Ne tirez pas sur la Banque nationale car elle ne fait que son travail : étudier et recommander. Prendre ses responsabilités : c'est ce qu'on demande aujourd'hui à chacun dans une situation européenne extrêmement périlleuse. La BNB n'est pas là pour dire ce qui fait plaisir à l'un ou à l'autre mais ce qu'elle pense devoir dire. Elle l'a déjà fait dans le passé, mettant en garde contre les déficits publics excessifs ou l'insuffisance de financement des pensions.

Elle a alors prêché dans le

désert mais elle n'a rien à se reprocher : ce sont les politiques qui ont pris la responsabilité de ne pas la suivre.

Son rapport n'est de plus pas celui d'un seul homme mais celui d'un comité de direction, comprenant des sociaux-chrétiens, des libéraux et.... des socialistes. Il évoque la nécessité d'adaptations structurelles, donne des pistes et les porte à la discussion. Libre alors de s'en emparer ou pas, de le suivre ou pas.

Faut-il modifier la formation des salaires en Belgique ? Comment conserver la compétitivité de la Belgique? Notre situation n'est pas la pire d'Europe, elle est même pour l'instant l'une des meilleures. Mais ce serait ridicule de penser que nous, petit pays dans un continent vieillissant, n'ayons rien à réformer, adapter, mettre en phase avec les nouvelles donnes du monde.

Tabou. C'est le mot brandi aujourd'hui dans tous les coins de l'Europe. Chacun a le sien, s'y accroche et ne bouge pas d'un pas ou seulement si l'autre bouge. Les Allemands refusent de céder quoi que ce soit au nom de la solidarité, les Français refusent de céder un pouce de leur souveraineté et les Grecs de faire payer leurs privilégiés.

Chacun a le droit d'avoir

des priorités, de refuser d'en changer. Mais il ne faudra pas s'étonner qu'on n'arrive au final à rien et que le système implose.
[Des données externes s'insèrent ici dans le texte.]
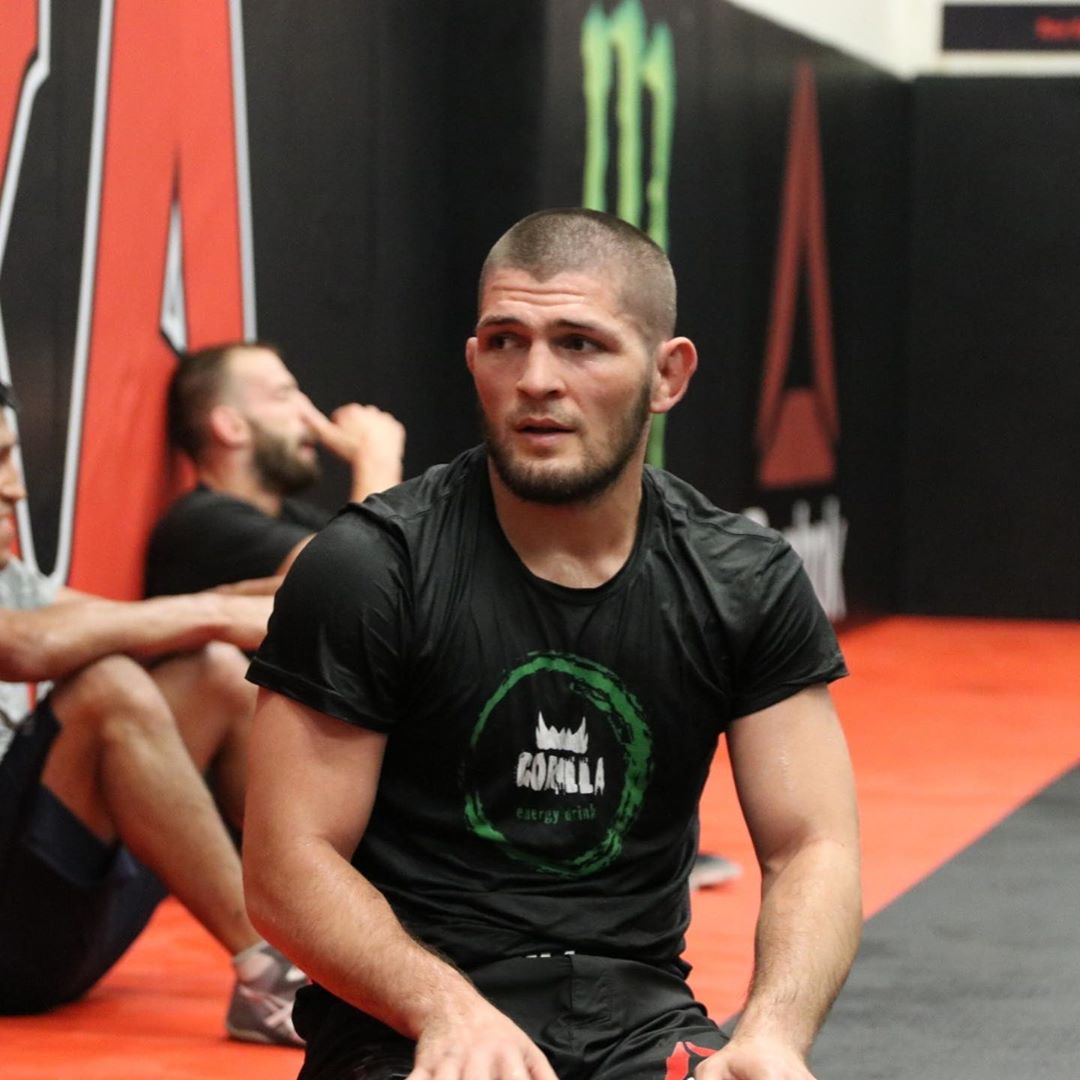 Khabib nurmagomedov ufc mcgregor fight vs fighter live official profile outline promolover pngimg
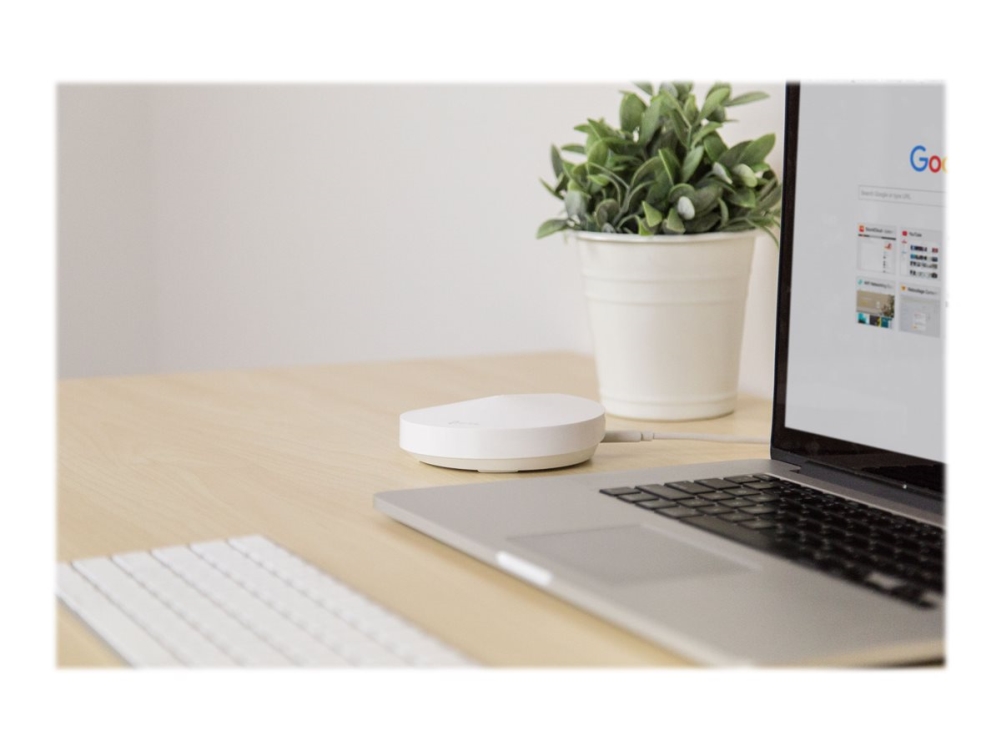 Tp-Link Deco M5 - Wi-Fi-System - (2 Routere) - Op Til 4500 Sq.Ft - Mesh 1Gbe - Wi-Fi 5 - Dual Band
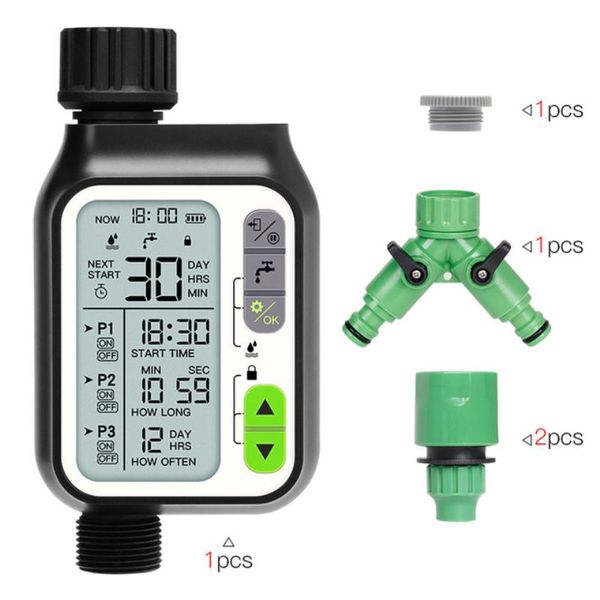 

watering equipments garden water timer waterproof with rain sensor irrigation automatic system controller
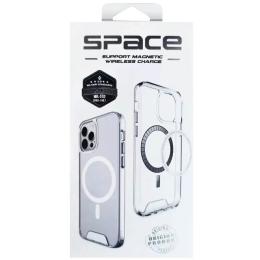 Чохол-накладка EpiK Space Case with MagSafe для Apple iPhone 13 Transparent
Car si la zone euro explose – c'est plus que jamais possible – et que l'Union européenne dans la foulée se délite, il faudra avoir l'honnêteté de reconnaître que ce ne sera pas le fait du hasard et qu'on l'aura voulu.

Ce sera dû à ce manque de conviction de tous qui fait qu'on n'aura pas eu, au moment où il le fallait, le courage, l'envie, la volonté, la créativité pour trouver les modalités afin de continuer à faire route commune. Si arracher la solidarité aux Allemands ne vaut pas que la France renonce à une parcelle de souveraineté (et vice versa), c'est que l'Europe n'est plus un projet. Il faudra gérer les conséquences des actes qu'on (n')aura (pas) posés. Cela vaut pour l'Europe comme pour la Belgique.